[ANN] ocaml-protoc 3.0

Dear camlidae,

I’m happy to announce the release of ocaml-protoc 3.0 (alongside the multiple runtime libraries: pbrt, pbrt_yojson, and the new pbrt_services). This is a majorly breaking release, I’m sorry for that (I do, however, believe it necessary) and recommend every user of ocaml-protoc add an upper bound < 3.0 to their current project and migrate when they have time.

First, a summary. ocaml-protoc is a self-contained compiler that turns protobuf IDL files (.proto files) into OCaml types, pretty-printers, and (de)serialization functions. The runtime library pbrt (“protobuf runtime”) contains support code for printers and binary (de)serialization; pbrt_yojson contains support code for JSON (de)serialization by way of yojson.

So what changed with ocaml-protoc 3.0? Many things.

For a start, from one .proto file we now generate one pair of .ml and .mli files instead of several pairs. This reduces the boilerplate in build systems and simplifies user code overall (one module per .proto file). A large internal refactor of ocaml-protoc was done prior to the integration of… services.

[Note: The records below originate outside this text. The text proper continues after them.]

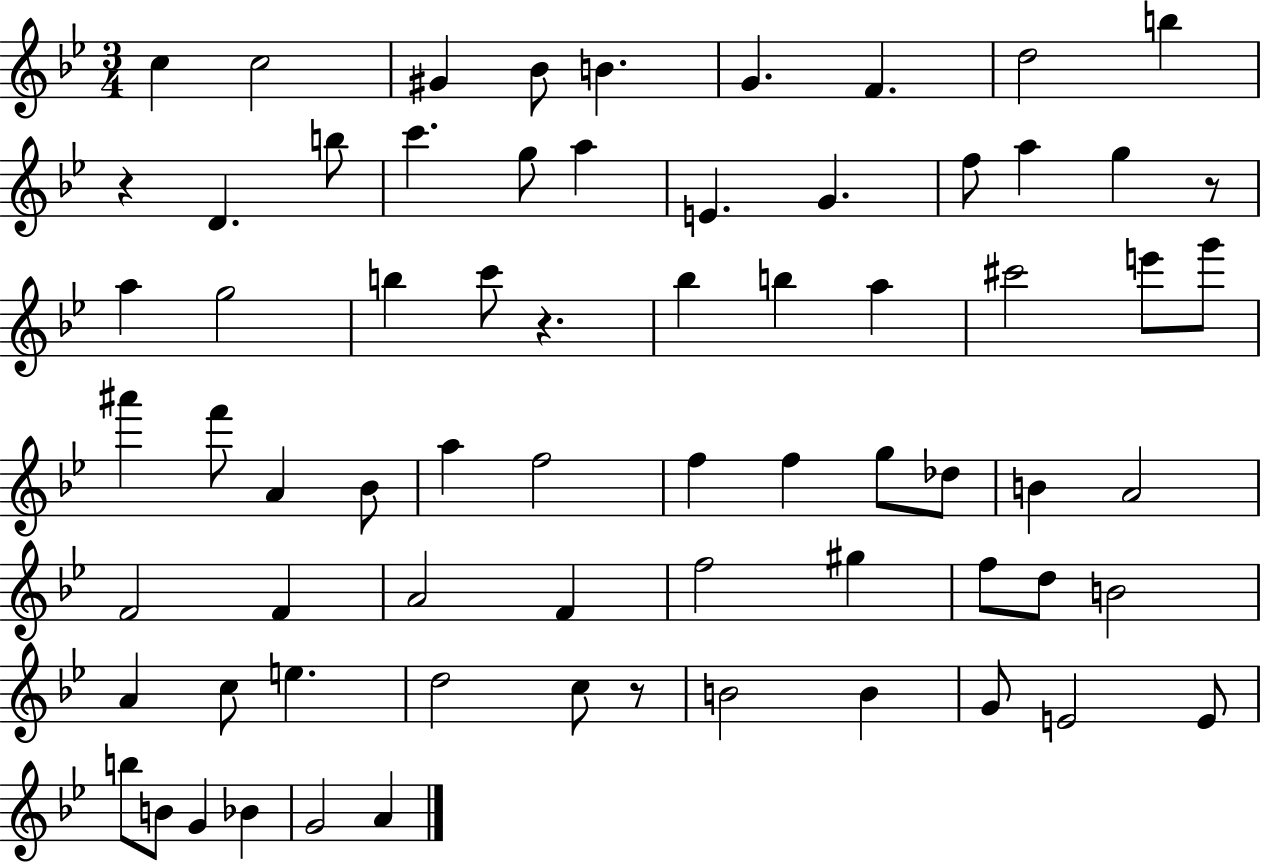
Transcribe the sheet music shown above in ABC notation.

X:1
T:Untitled
M:3/4
L:1/4
K:Bb
c c2 ^G _B/2 B G F d2 b z D b/2 c' g/2 a E G f/2 a g z/2 a g2 b c'/2 z _b b a ^c'2 e'/2 g'/2 ^a' f'/2 A _B/2 a f2 f f g/2 _d/2 B A2 F2 F A2 F f2 ^g f/2 d/2 B2 A c/2 e d2 c/2 z/2 B2 B G/2 E2 E/2 b/2 B/2 G _B G2 A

The major new feature of ocaml-protoc 3.0 is the support for service declarations. These are essentially a way to describe RPC endpoints, next to the types used to interact with the endpoint (example; full generated code). This is typically what it used in systems such as gRPC. Now ocaml-protoc generates server and client stubs for each endpoint, that pack together the type definitions and the relevant (de)serializers; that code doesn’t presume anything about a concrete RPC system. I have in the works a simple Twirp OCaml library that relies on this generated code to provide services over HTTP 1.1; It is also possible to write RPC systems over ZMQ, websockets, etc. without changes to the generated code[1].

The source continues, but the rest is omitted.